Secrets of hypocrisy
By Michael H. O’Donnell
A day doesn’t go by without hearing the steady whine of the political jet engines of the Republican Party winding up to take off on the Obama Administration’s “lack of transparency.”
You name it and the GOP has stuck a zero transparency label on it.
Drone warfare, Benghazi, Fast and Furious and “secret formulas” for determining air quality rules at the EPA all get the “let’s get all this out in the open“ treatment.
Tea Party Republican Sen. Rand Paul spoke for 13 hours straight last week just to push Obama to come clean on the question of whether, ever, under any circumstances the U.S. military would use a drone to kill an American citizen while he or she was munching on a breakfast burrito outside a fast food restaurant in Kalamazoo.
Like Jimmy Stewart fighting for a Boy Rangers camp in “Mr. Smith Goes to Washington,” Rand talked until he was blue in the face — an unnatural shade for someone from a red state. Unlike Stewart’s character in the movie, Rand didn’t collapse from exhaustion. He stopped to use the bathroom.
But Rand’s filibuster, designed to hold up a confirmation vote on John Brennan to head the CIA, was not in vain.

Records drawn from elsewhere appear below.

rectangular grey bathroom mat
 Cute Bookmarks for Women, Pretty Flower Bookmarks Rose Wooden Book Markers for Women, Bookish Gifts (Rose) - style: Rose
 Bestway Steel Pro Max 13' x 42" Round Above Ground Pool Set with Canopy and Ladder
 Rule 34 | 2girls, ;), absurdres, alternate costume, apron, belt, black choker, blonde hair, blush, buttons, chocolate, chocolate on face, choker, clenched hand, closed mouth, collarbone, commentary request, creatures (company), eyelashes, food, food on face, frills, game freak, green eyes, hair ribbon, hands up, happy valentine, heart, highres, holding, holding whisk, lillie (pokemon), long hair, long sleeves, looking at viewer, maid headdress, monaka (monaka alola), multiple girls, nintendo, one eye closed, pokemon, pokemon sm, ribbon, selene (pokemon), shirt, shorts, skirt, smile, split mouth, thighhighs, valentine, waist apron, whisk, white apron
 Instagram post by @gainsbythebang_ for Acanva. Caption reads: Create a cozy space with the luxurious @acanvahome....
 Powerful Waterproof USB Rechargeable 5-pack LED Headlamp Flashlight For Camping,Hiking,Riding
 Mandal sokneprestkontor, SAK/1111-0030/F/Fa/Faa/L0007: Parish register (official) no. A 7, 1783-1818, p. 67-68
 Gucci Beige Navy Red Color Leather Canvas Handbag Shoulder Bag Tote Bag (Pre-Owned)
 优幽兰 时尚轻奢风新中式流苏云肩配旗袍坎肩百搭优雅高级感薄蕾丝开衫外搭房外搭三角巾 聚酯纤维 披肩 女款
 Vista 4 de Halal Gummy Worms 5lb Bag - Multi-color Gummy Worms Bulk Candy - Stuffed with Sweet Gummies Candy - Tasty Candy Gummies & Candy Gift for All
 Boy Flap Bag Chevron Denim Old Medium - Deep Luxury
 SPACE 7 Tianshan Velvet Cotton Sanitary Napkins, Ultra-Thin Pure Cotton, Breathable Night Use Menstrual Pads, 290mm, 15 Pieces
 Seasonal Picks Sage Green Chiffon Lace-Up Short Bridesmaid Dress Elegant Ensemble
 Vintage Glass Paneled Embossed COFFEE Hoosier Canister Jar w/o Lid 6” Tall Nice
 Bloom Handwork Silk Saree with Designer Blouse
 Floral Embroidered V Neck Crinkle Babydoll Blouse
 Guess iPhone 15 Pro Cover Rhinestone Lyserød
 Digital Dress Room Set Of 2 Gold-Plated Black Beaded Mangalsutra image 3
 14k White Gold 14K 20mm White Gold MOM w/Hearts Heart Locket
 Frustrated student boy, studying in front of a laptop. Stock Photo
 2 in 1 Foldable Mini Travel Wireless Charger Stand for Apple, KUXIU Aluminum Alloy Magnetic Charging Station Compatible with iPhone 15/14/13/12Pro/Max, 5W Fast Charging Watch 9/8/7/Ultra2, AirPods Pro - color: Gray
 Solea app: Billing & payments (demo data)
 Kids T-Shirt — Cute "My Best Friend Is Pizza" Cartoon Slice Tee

Due to Rand’s pointed questions, we can be sure that our government will never use a hellfire missile to take out Jane Fonda or Kent State. Seriously, Rand did get an answer from the Obama administration on the president’s authority to use drones against American citizens on U.S. soil. The answer was “no.”
My straw boater gets tipped for Rand’s determination to keep an important issue public.
As a journalist, it’s my profound belief that nothing good happens in the dark unless its romantic or you’re after catfish. Smoke-filled rooms are best left to firefighters and a secret deal always deals someone out.
U.S. Supreme Court Justice Louis Brandeis once said, “Sunlight is the best antiseptic.”
Or as the cowboy with an arrow sticking out of his leather vest once muttered, “Just give it to me straight, Doc.”
This newspaper’s coverage of secret dealings gone sour has made big headlines several times recently — just ask the Blackfoot school board. So it struck me as odd when some people who consider themselves “Real Republicans” — the right flank of the Bannock County GOP — kicked me out of their meeting Friday night.
To be fair, I identified myself as a First Amendment infiltrator.
“Is anyone here a representative of the media?” was the questioned posed.
Since I was the only one in the room packing only a camera bag and reporter notebooks, it seemed futile not to raise my hand. As heads in the room cranked around to take a gander, I felt like a yellow jacket at a picnic.
“Don’t mind me, folks,” I wanted to say. “I won’t steal anything. I just came for the entertainment.”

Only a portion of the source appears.